Task requirements:
Copy nothing but the line with "Bmw X6 M Pachet" and the lines that follow it to the end of the entries below, and keep the pictures out.
Raw data below:
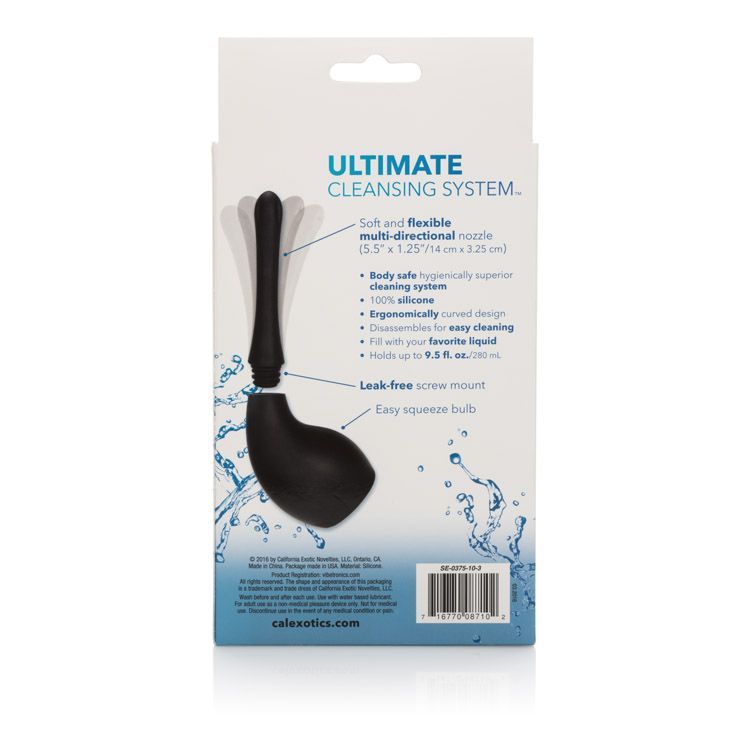 Enhance your intimate play experience with the Ultimate Clea... CEN - Ultimate Cleansing System - Black photo-7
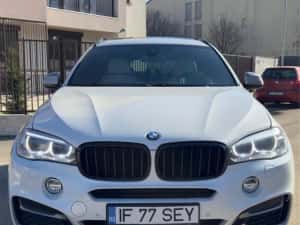 Bmw X6 M Pachet fab .2015 Trapa 165.000 km reali — miniatura 8
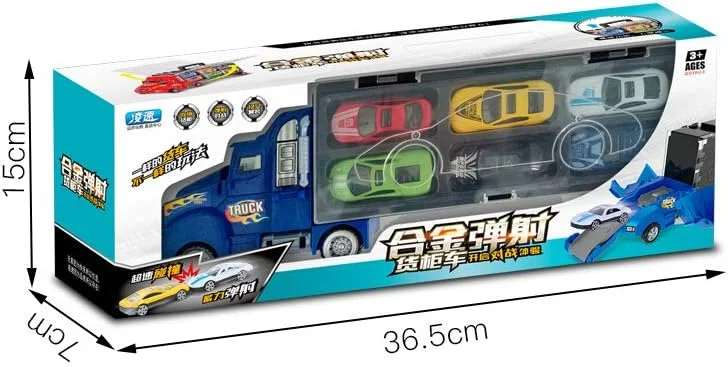 اسباب بازی کامیون حمل ماشین DobuyMall برای پسران و دختران 3 تا 10 ساله - کامیون حمل کننده شامل 6 ماشین اسباب بازی و لوازم جانبی - هدیه ایده آل برای کودکان اسباب بازی کامیون حمل ماشین DobuyMall برای پسران و دختران 3 تا 10 ساله - کامیون حمل کننده شامل 6 ماشین اسباب بازی و لوازم جانبی - هدیه ایده آل برای کودکان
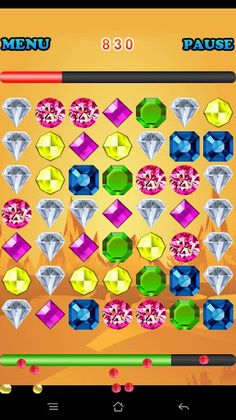 Amazing Jewel Crush(diamond) - Screenshot 1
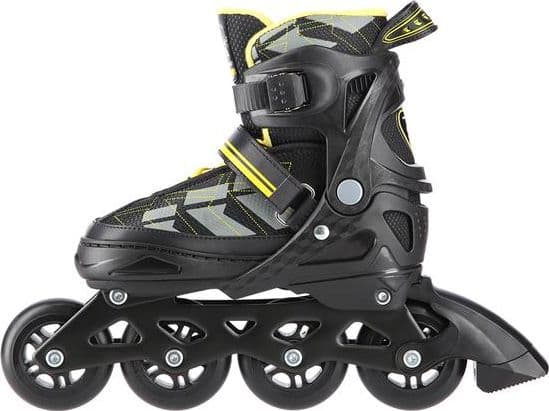 Nils Extreme NA11002 vapaa-ajan säädettävät rullaluistimet sort r. 31-34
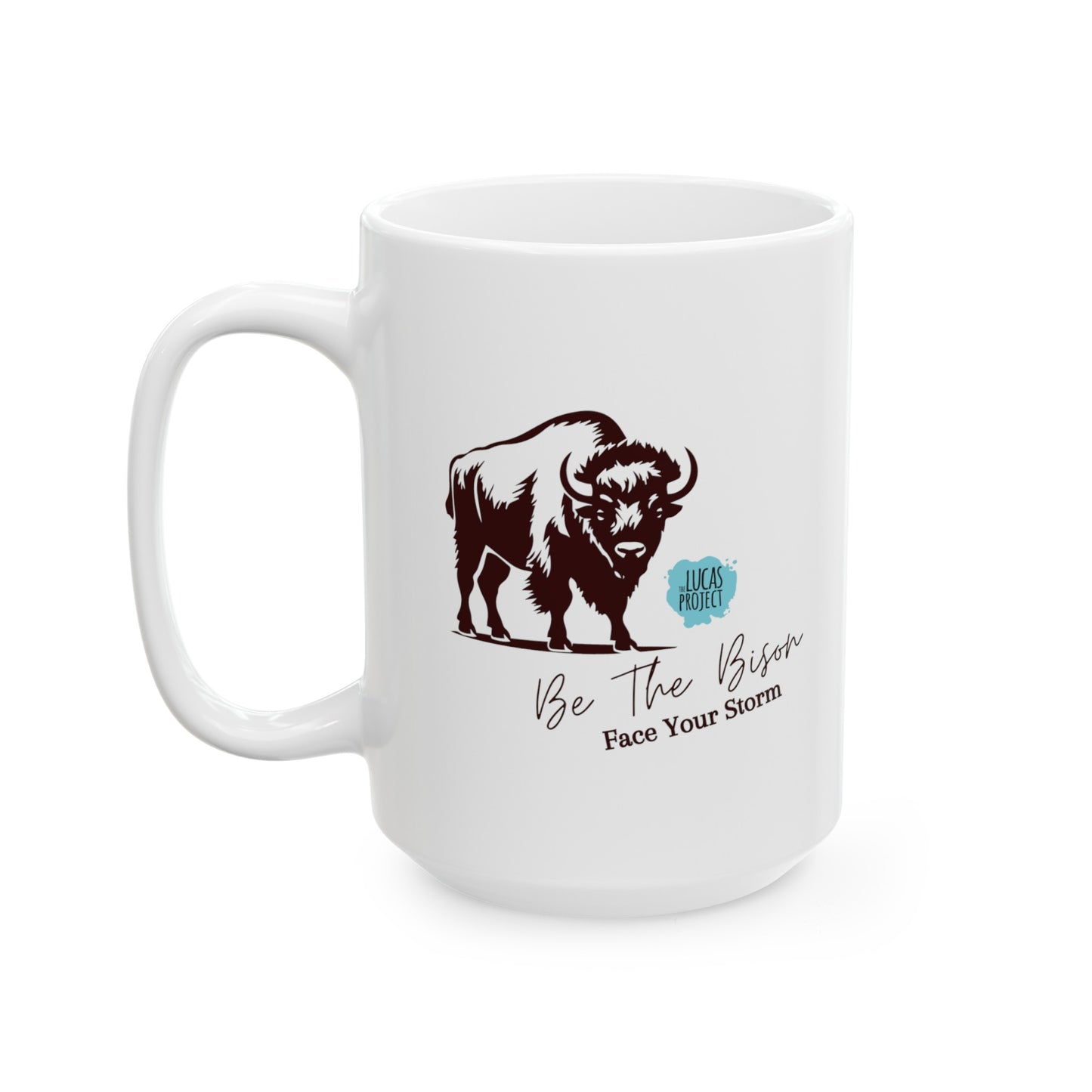 Be The Bison Mug, 11oz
End of Raw data.
Result for this task:
 Bmw X6 M Pachet fab .2015 Trapa 165.000 km reali — miniatura 8
 اسباب بازی کامیون حمل ماشین DobuyMall برای پسران و دختران 3 تا 10 ساله - کامیون حمل کننده شامل 6 ماشین اسباب بازی و لوازم جانبی - هدیه ایده آل برای کودکان اسباب بازی کامیون حمل ماشین DobuyMall برای پسران و دختران 3 تا 10 ساله - کامیون حمل کننده شامل 6 ماشین اسباب بازی و لوازم جانبی - هدیه ایده آل برای کودکان
 Amazing Jewel Crush(diamond) - Screenshot 1
 Nils Extreme NA11002 vapaa-ajan säädettävät rullaluistimet sort r. 31-34
 Be The Bison Mug, 11oz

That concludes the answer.